Réécrit en beauté à l'aune d'une subtile et obstinée résistance féminine, le somptueux envers du décor d'une Odyssée immémoriale.

Sur le blog Charybde 27 : https://charybde2.wordpress.com/2022/07/10/note-de-lecture-sans-plus-attendre-sylvie-durastanti/

Tôt un matin, la maîtresse de maison a échappé de justesse à un viol, sur un chemin isolé des environs, où elle croisait par mégarde, tout juste levée, l'un des intrus, pas encore couché, ivrognes qui squattent sa demeure, en mangeant et buvant toute la nuit, depuis que le retour de son mari de la guerre en Asie se fait de plus en plus illusoire, alors que tous ses compagnons d'armes – ceux qui ont survécu en tout cas – ont regagné depuis longtemps leur foyer.
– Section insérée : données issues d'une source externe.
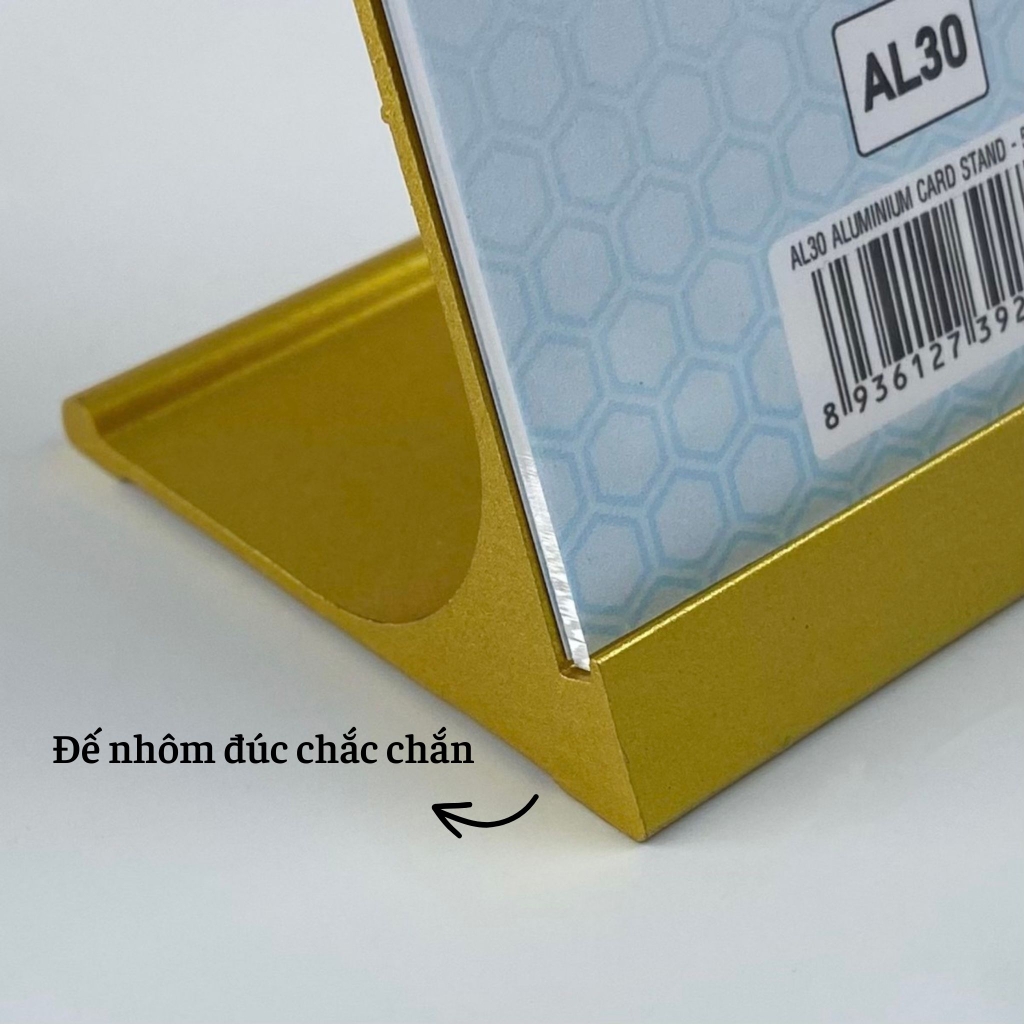 Bảng thông tin để bàn nhôm Enter AL30 55x75mm, Khung thông tin sản phẩm, Khung bảng giá, Kệ trưng bày để bàn (20)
Avides et lubriques, ces patriciens en goguette et en chasse ne se font pas encore officiellement appeler « prétendants », mais cela ne saurait tarder, et la pression monte.

À travers les yeux et les pensées de la maîtresse de maison et de la servante Éri, principalement, mais aussi, le moment venu, de la traîtresse Méla, espionnant au profit de l'un des envahisseurs dont elle attend de grandes récompenses, d'un Phénicien de passage et d'un certain Mendiant, il s'agit de suivre pas à pas comment se construit, par glissements et par complicités tacites, une authentique résistance face à une culture du viol et de la rapine, entretenue et glorifiée ici par un certain patriarcat sûr de lui et dominateur – jusqu'à un dénouement bien connu, mais dont la marche d'approche aura été ici une véritable révélation.

Ce n'est certes pas la première fois qu'une oeuvre littéraire se propose de mettre au premier plan la figure de l'attente, perpétuellement dans l'ombre et dans l'arrière-plan, que constitue Pénélope dans l'histoire et dans la mythologie.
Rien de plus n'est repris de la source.